# How Bad Is Holly For Goats?



## MellonFriend (Aug 8, 2017)

We are slowly but surely clearing out the land that we are going to put the goat barn on (yes I know it's going to be spring soon and we're not ready at all!) and we are noticing that there is a lot more holly in our woods that we thought there was, now we will be able to cut it all down and hopefully eradicated it in the are that the goats will be but, I'm just wondering if holly poisoning is big deal and how hard I should try to get rid of all of it? And I also read elsewhere they may not really eat it, is that true?


----------



## Suzanne_Tyler (Jul 19, 2014)

My goats won't touch it.


----------



## mariarose (Oct 23, 2014)

Maybe keep some activated charcoal at hand...

I gave a doeling to some friends of mine with the understanding they would go ahead and butcher her for meat when the time came. Well she turned into a real pet and is still alive 3 years later.

Anyway, these friends have a lot of Mountain Laurel on their land, which Fortune did eat and become dangerously ill from. They got her through it and now she absolutely won't touch the stuff. No way, no how.

If you do miss some holly, and if someone does become ill, and you are able to nurse her back to health, chances are good your herd won't touch it ever again.


----------



## MellonFriend (Aug 8, 2017)

Alright that's good. I am definitely keeping active charcoal on hand as I do have mountain laurel in my area and there is some beyond our fence line. So I will be learning everything there is to know about treating laurel poisoning. Good to know about the holly though.


----------



## goathiker (Apr 14, 2011)

With Holly, the injuries and pulling the stickers out of everywhere is the worst of it. The area should be cleared and raked, especially if you plan on udders in that pasture. Concentrate on the female plants first, they are the worst ones and with them gone it will quit spreading.

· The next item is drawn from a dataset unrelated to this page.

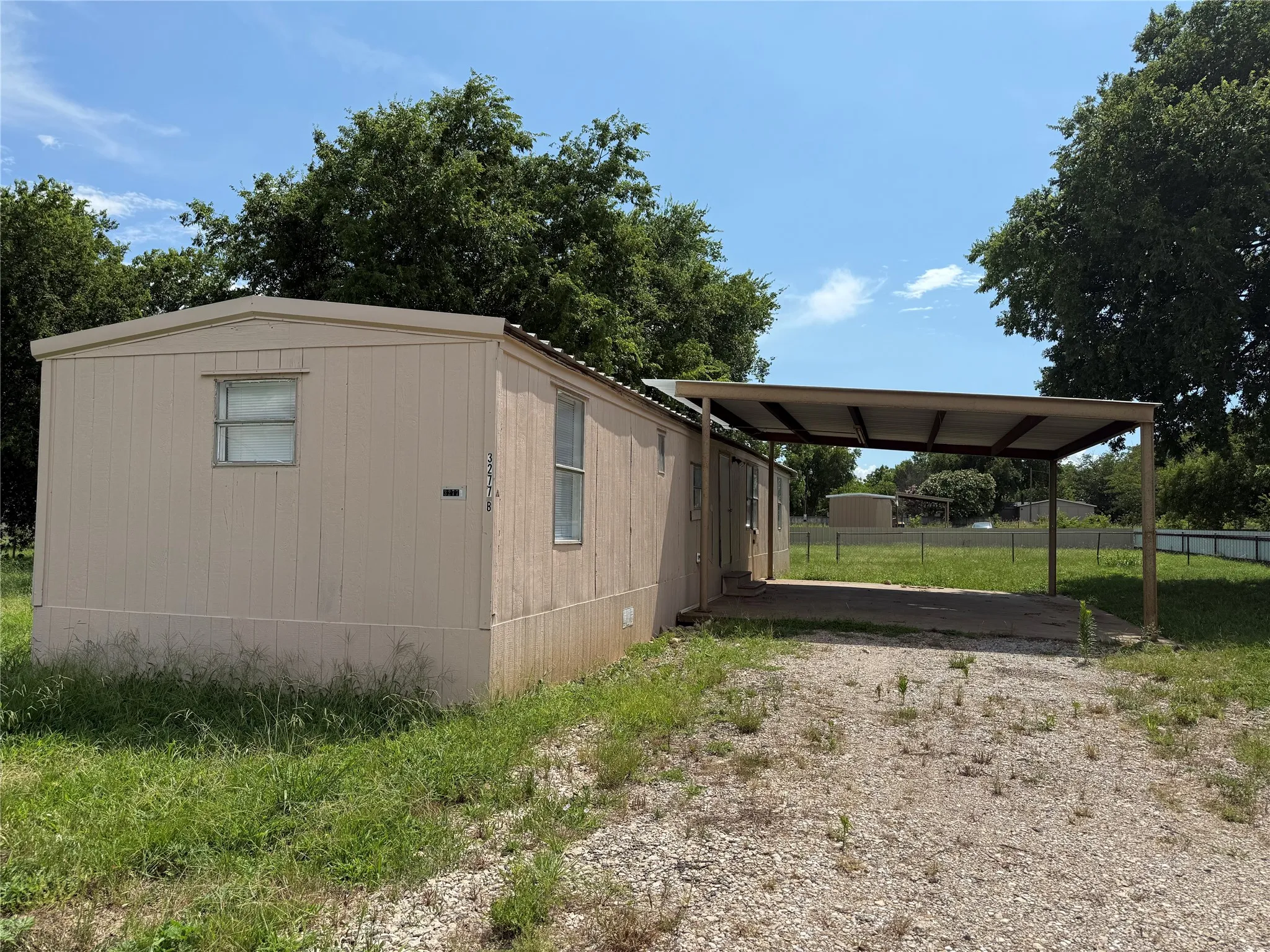 Mobile Home For Rent in Ellis County , 3277 Hidalgo B, Waxahachie, Texas 75167, 2 Bedroom, 2 Bathroom, Garage spaces, 800 Sqft, built in 1980, mls#21375498, Real Estate Agent in Waxahachie, Homes For Rent in Ellis county, Homes For Rent in Waxahachie, Realtor in Waxahachie Texas, Real Estate Brokerage Independent Realty Texas, Luminita Cordes Realtor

Mountain Laurel is like "just one bite" for goats, they don't always live through that first bite.


----------



## MellonFriend (Aug 8, 2017)

We will be clearing all the holly out of our woods. The mountain laurel is not in a place we can get rid of it and there isn't any in the area where the goats will be, but I am concerned as I completely understand the seriousness of laurel poisoning, about the possibility of if they escaped they could easily get to it. I've got an idea though, What if we planted something surrounding the mountain laurel like a hedge that would block them from getting to it and maybe they would eat the hedge instead of the laurel? This would just be precautionary as I said before, what do you think of that?


----------



## mariarose (Oct 23, 2014)

The only experience I can relate is as my friends did. My (meat) gift to them ate some, became ill, they saved her, and now she won't go near it. Beyond that I just can't say if you can prevent killing them with Laurel, or not.

Holly I think you have a larger margin of safety with. Keep some activated charcoal around.


----------